NCERT Solutions for Exercise 1.3 Class 10 Maths Chapter 1 - Real Numbers

Q1 Prove that $\sqrt 5$ is irrational.

Answer:

Let us assume $\sqrt{5}$ is rational, which means it can be written in the form $\frac{p}{q}$ where p and q are co-primes and $q\neq 0$

$\\\sqrt{5}=\frac{p}{q}$

Squaring both sides, we obtain

$\\\left ( \sqrt{5} \right )^{2}=\left (\frac{p}{q} \right )^{2}\\$

$5=\frac{p^{2}}{q^{2}}\\$

$p^{2}=5q^{2}$

From the above equation, we can see that p² is divisible by 5, therefore, p will also be divisible by 5, as 5 is a prime number. $(i)$

Therefore, p can be written as 5r

p = 5r

p² = (5r)²

5q² = 25r²

q² = 5r²

From the above equation, we can see that q² is divisible by 5, Therefore, q will also be divisible by 5 as 5 is a prime number. $(ii)$

From (i) and (ii), we can see that both p and q are divisible by 5. This implies that p and q are not co-primes. This contradiction arises because our initial assumption that $\sqrt{5}$ is rational was wrong. Hence proved that $\sqrt{5}$ is irrational.

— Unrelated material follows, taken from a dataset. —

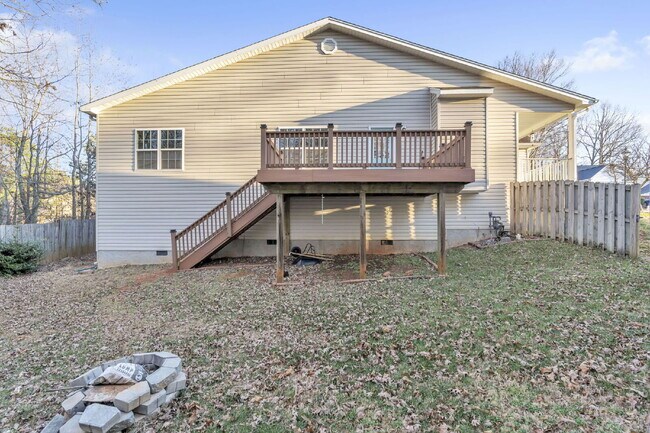 Building Photo - Beautiful 3-Bed Oasis in Travelers Rest with Granite Kitchen & Cozy Fireplace ($2275/mo rent**)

Q2 Prove that $3 + 2 \sqrt 5$ is irrational.

Answer:

Let us assume $3 + 2 \sqrt 5$ is rational, this means it can be written in the form $\frac{p}{q}$ where p and q are co-prime integers.

$\\3+2\sqrt{5}=\frac{p}{q}$

$2\sqrt{5}=\frac{p}{q}-3$

$\sqrt{5}=\frac{p-3q}{2q}$

As p and q are integers $\frac{p-3q}{2q}\\$ would be rational, which contradicts the fact that $\sqrt{5}$ is irrational. This contradiction arises because our initial assumption that $3 + 2 \sqrt 5$ is rational was wrong. Therefore $3 + 2 \sqrt 5$ is irrational.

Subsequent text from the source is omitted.